Per esempio con la tecnologia, come fa Parigi, con dispositivi chiamati “meduse” per via della somiglianza che hanno con l’animale; si tratta di radar sonori dotati di telecamere multidirezionali con otto microfoni e sensori in grado di identificare le fonti di rumore e fotografare le targhe dei responsabili. Nel mirino sono soprattutto moto e scooter, a partire da quelli con sistemi di scarico modificati (illegalmente) per aumentare rumore e potenza. Nel 2023, Parigi inizierà a multare chi viola i livelli limite di rumore, ma anche altre città, come Nizza e Tolosa, parteciperanno alla campagna nazionale contro il rumore, frutto dell’approvazione nel 2019 di una legge sulla mobilità, che ha definito per la prima volta il rumore come vera e propria forma di inquinamento.

App e smart mobility per fare ognuno la propria parte

Le difficoltà e i fallimenti dei precedenti test di sistemi anti-rumore in giro per il mondo hanno spinto aziende e università a collaborare, come fatto dal Dipartimento per la protezione ambientale di New York insieme alla New York University, distribuendo nei quartieri residenziali 30 sensori per la trasmissione in tempo reale dei dati sui decibel registrati nella zona che consentono di identificare le fonte del rumore e, quindi, agire di conseguenza. Con questo sistema, poi, viene anche fornita un’app per i cittadini che vengono così coinvolti, diventando partecipi della raccolta e del monitoraggio.

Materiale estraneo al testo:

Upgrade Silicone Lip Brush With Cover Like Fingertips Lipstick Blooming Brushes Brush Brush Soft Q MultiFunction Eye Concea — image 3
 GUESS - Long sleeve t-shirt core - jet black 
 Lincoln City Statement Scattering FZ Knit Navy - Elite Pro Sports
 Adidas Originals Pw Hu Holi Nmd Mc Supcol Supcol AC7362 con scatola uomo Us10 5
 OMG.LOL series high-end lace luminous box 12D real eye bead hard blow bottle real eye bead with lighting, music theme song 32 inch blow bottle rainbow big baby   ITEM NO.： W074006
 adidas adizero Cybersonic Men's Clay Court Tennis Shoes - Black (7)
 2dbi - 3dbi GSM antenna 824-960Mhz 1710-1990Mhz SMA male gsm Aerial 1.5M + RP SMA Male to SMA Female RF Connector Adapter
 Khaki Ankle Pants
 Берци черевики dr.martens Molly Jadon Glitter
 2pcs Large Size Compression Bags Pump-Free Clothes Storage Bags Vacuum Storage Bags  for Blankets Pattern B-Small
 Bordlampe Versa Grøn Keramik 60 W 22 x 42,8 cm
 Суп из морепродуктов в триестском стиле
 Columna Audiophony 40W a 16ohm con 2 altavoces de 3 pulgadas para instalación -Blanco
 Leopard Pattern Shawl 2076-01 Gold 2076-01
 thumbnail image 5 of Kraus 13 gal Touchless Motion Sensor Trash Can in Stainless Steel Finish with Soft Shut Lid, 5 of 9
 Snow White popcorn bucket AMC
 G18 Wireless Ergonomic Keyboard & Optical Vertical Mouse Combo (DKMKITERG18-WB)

Sistemi tecnologici come questi possono essere efficaci strumenti di valutazione, da usare a breve termine per attuare interventi mirati, come la modifica dei semafori per dare la precedenza alle corsie più trafficate e quindi rumorose, ottimizzando il flusso dei veicoli e minimizzando il rumore, migliorando anche la viabilità. L’integrazione della raccolta di dati con i sistemi di intelligenza artificiale può fare la differenza nella lotta al rumore, coinvolgendo anche la popolazione, a cui i dati possono essere messi a disposizione, in un’ottica di trasparenza e collaborazione.

In parallelo, è necessario incentivare i mezzi della mobilità dolce e pulita, a partire dalle biciclette, ma anche i mezzi di trasporto pubblico urbano, da promuovere in integrazione con la mobilità ibrida ed elettrica, in particolare monopattini e scooter. La mobilità elettrica, infatti, produce molto meno rumore – tanto da avere, in alcuni casi, la necessità opposta, cioè quella di doversi rendere riconoscibili – ed è un’ottima soluzione per muoversi in quartieri densamente abitati o vicino a istituti, come scuole, ospedali o RSA, dove il rumore compromette enormemente la qualità della vivibilità. Si tratta di strumenti indispensabili per realizzare smart city che garantiscano una mobilità sostenibile da tutti i punti di vista, udito compreso.